Kerr contacted his agent right away. Other performance obligations had to be rearranged, but Kerr felt, “This is a once in a lifetime opportunity. It was a very humbling thing. Martino has had her program for 10 years and every summer, 40-50 singers participate. To be one of 4 total chosen from the program is such an honor.”
When he was first asked to perform he was unable to tell anyone beyond his immediate family. The honorees do not know until the day of the event who will be singing their tribute performances.
Kerr was able to bring a guest and chose to bring his wife Ellen, one of his biggest fans and supporters. The couple celebrated their tenth anniversary at the event. Kerr says, “It was very surreal, why you’re there. It’s almost like being in the audience for a major awards like the Grammys.”
The day they arrived in Washington, D.C, a Cadillac picked them up for a rehearsal at the Kennedy Center followed by another rehearsal on Sunday morning. Kerr, a baritone, sang in a group including opera superstars Sandra Radvanovsky and Joseph Callja. “These people have accomplished so much. I wanted to do my best to give a great performance.”

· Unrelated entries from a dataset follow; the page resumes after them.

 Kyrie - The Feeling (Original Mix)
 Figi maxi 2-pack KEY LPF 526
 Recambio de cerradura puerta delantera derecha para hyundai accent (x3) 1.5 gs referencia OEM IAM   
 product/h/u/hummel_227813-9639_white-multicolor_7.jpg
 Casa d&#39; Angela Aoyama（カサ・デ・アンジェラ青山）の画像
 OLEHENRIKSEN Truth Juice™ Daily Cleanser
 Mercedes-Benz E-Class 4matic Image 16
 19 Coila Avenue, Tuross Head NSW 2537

Kerr was surrounded by celebrities at the event. He had his picture taken with Snoop Dog who was wearing a red fur coat. He met legendary singer Tony Bennett and David Gregory of “Meet the Press.” At his table were not only Martina Arroyo but also Sonya Sotomayor, Associate Justice of the Supreme Court. Kerr stresses, “It was an honor and privilege to be a part of this-the opportunity afforded to me through Marina’s program. It’s not too often I get to participate in high society events.”
Kerr says the experience still feels surreal that he was part of it, but back home, he stresses, he is a husband and father first who Christmas carols with his church at the assisted living facility near his home in Canal Winchester. Kerr’s favorite audience is his 3 year old young son Isaac who listens to opera music with his daddy, smiles, and says “Daddy’s singing!”

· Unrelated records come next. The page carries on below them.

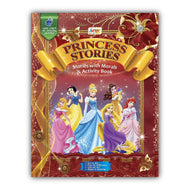 Princess’ Stories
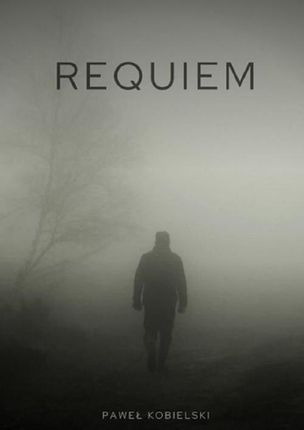 Requiem (EPUB)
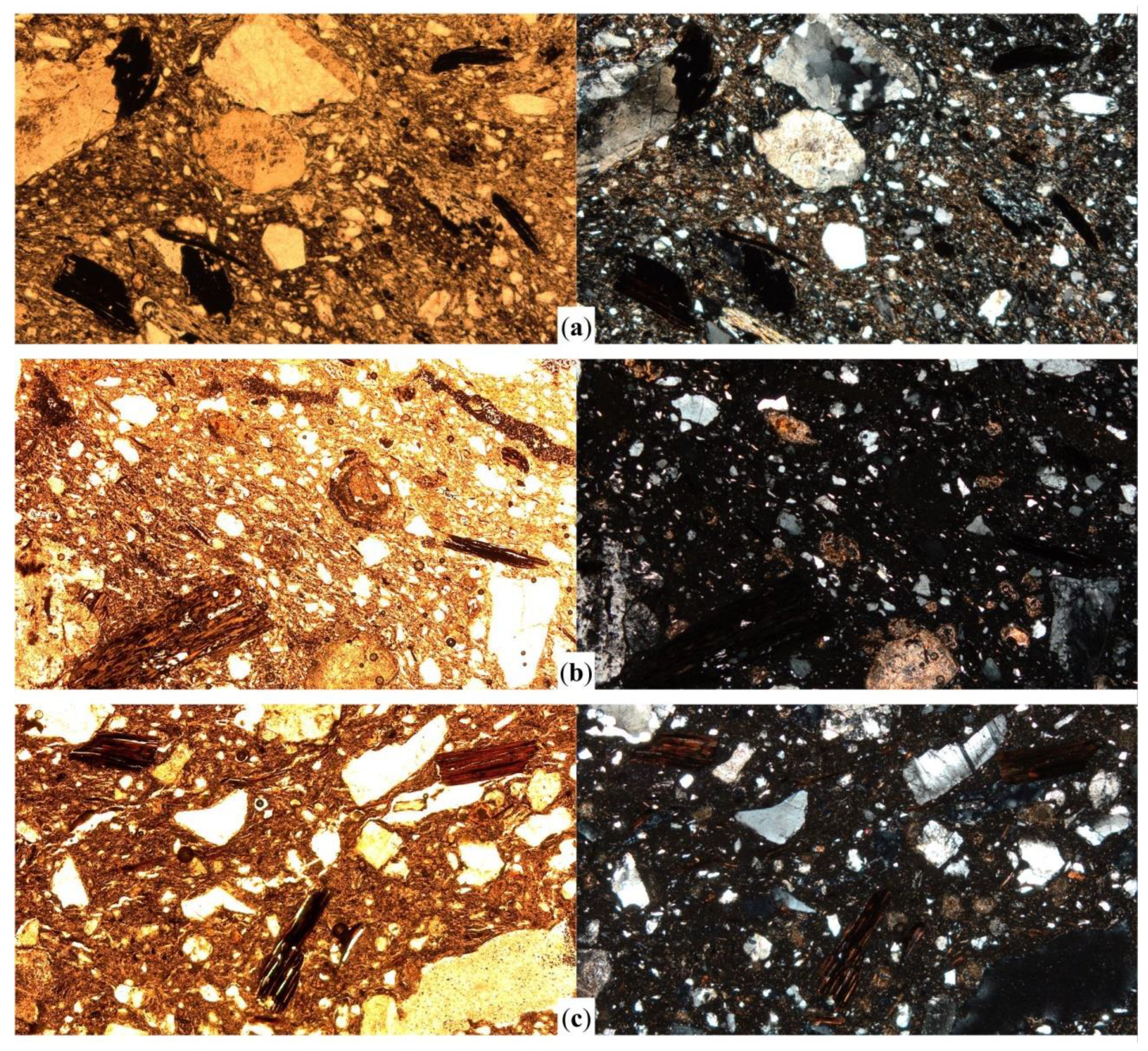 Minerals 11 00428 g006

“I’m still learning about the career-I’m a baby!” he laughs. Kerr says he has waited tables at Applebee’s, worked retail, given voice lessons, and soon will begin substitute teaching-anything he can do in between his opera performances. “I’m building my experiences and resume. As a full-time opera singer, you are never a finished product.” There are a lot of auditions, cost, risk, and sacrifice. “You have to trust in what you are doing.” Kerr believes that in order to succeed, he must be proactive, get his name out there. “I share my voice however I can. I’m still pursuing a dream to make it to the Metropolitan Opera in New York City.”

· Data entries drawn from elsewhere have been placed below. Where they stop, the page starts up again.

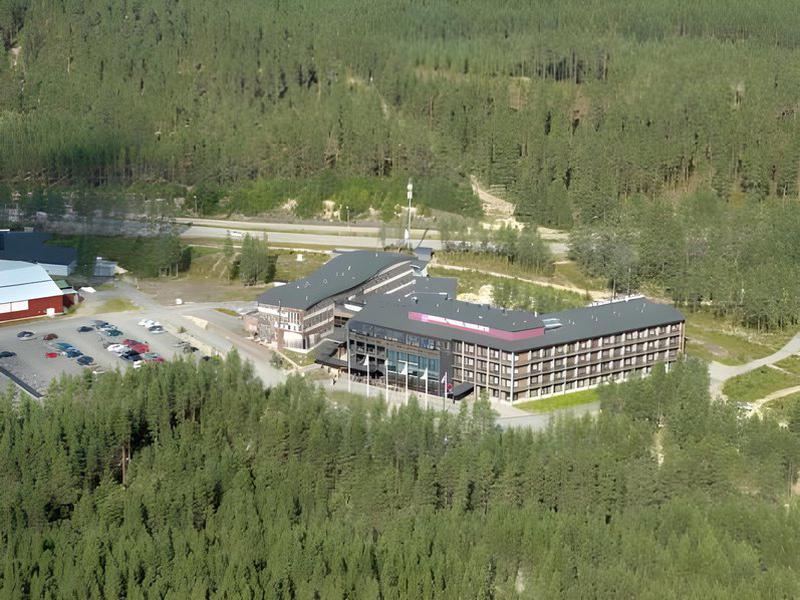 03B7DEAE735CD71E848DB260EBD692DF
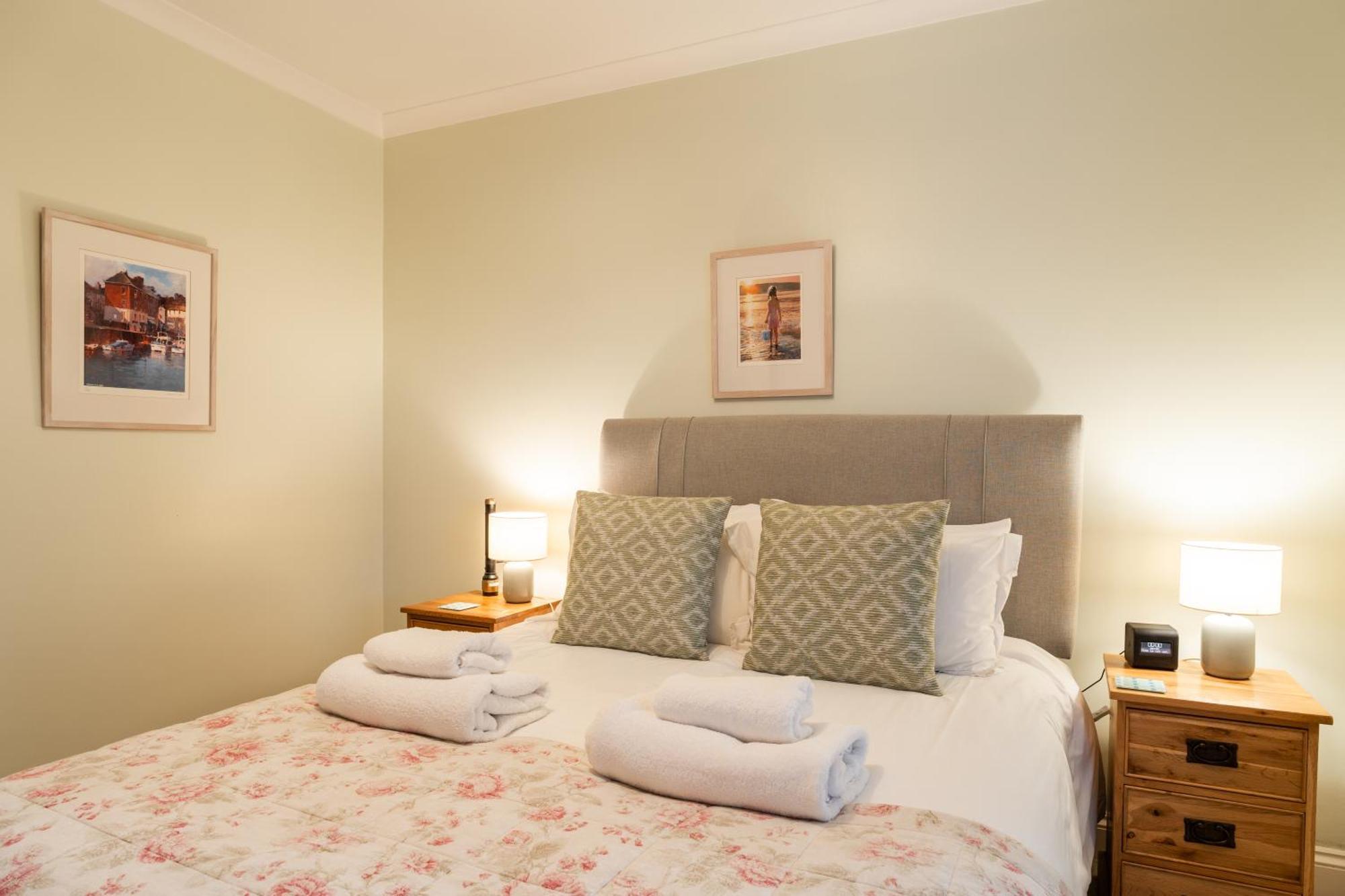 Finest Retreats - Sunny Nook Holiday home *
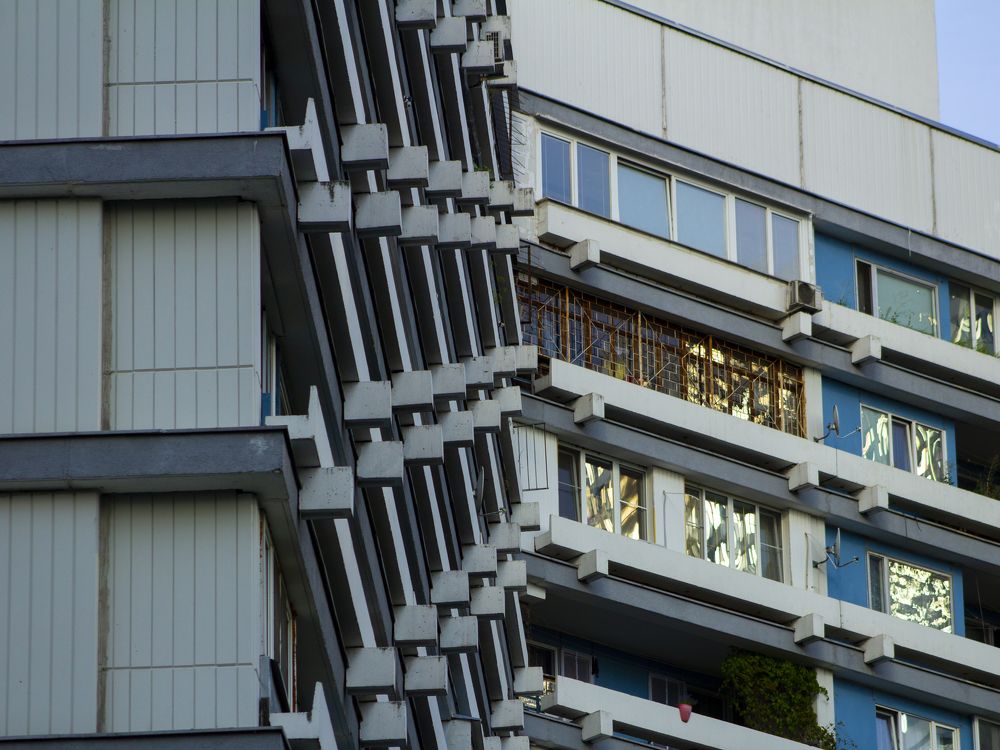 Photograph by Давид Семенов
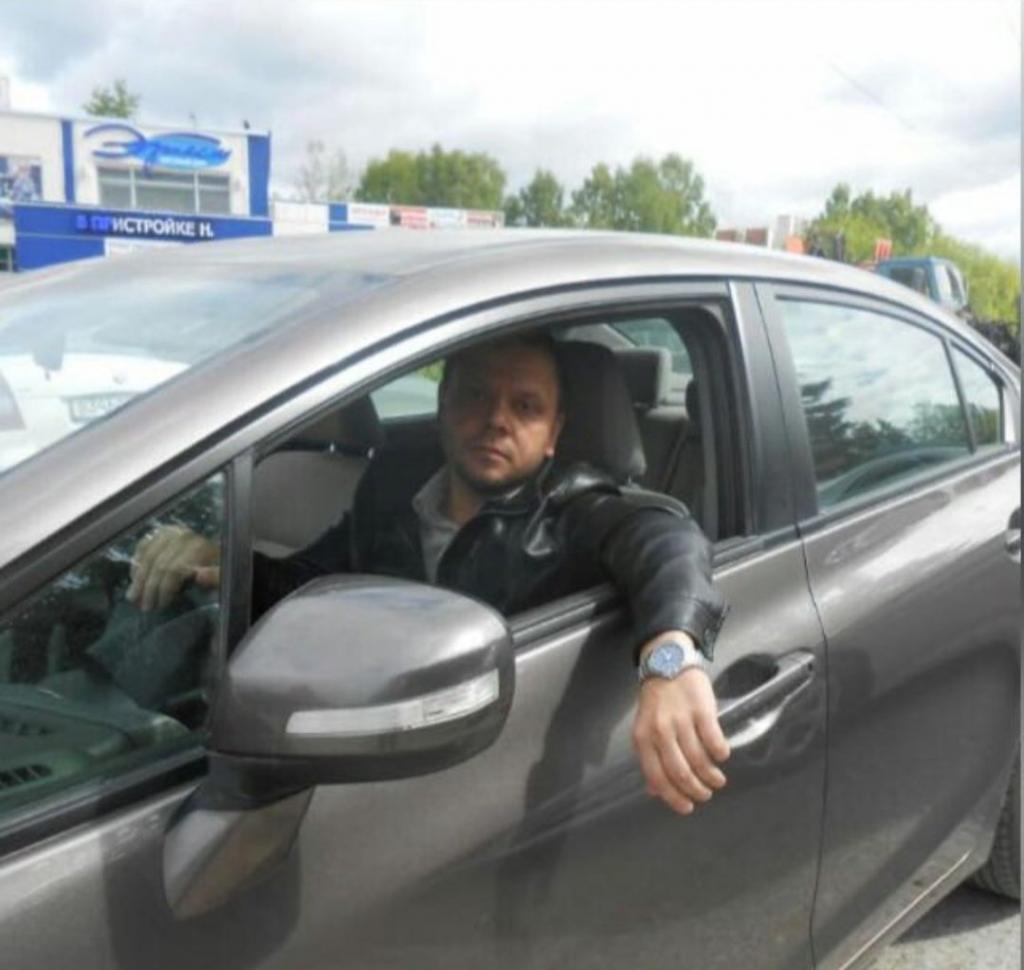 Павел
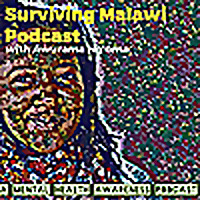 Surviving Malawi Podcast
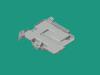HYUNDAI / KIA (MOBIS) 371503X000 Replacement part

The Kennedy Center Honors Gala will be broadcast on CBS on December 29, 2013 from 9:00-11:00 p.m. Besides Martina Arroyo, the other honorees include Billy Joel, Herbie Hancock, Shirley MacLaine, and Carlos Santana. Last year, 8.8 million Americans tuned in to the Kennedy Honors program on TV. This year, Kerr hopes his hometown of Wauseon will join in as well. His hometown roots are still strongly tied to Wauseon. His parents William and Sandy Kerr, live in Wauseon. His sisters and their families live in Northwest Ohio as well. He hopes he makes his hometown proud through his accomplishments. “I feel I represent the folks who still live there. Everyone has a talent or strength. People have encouraged me. I am only the singer I am today because of other people.”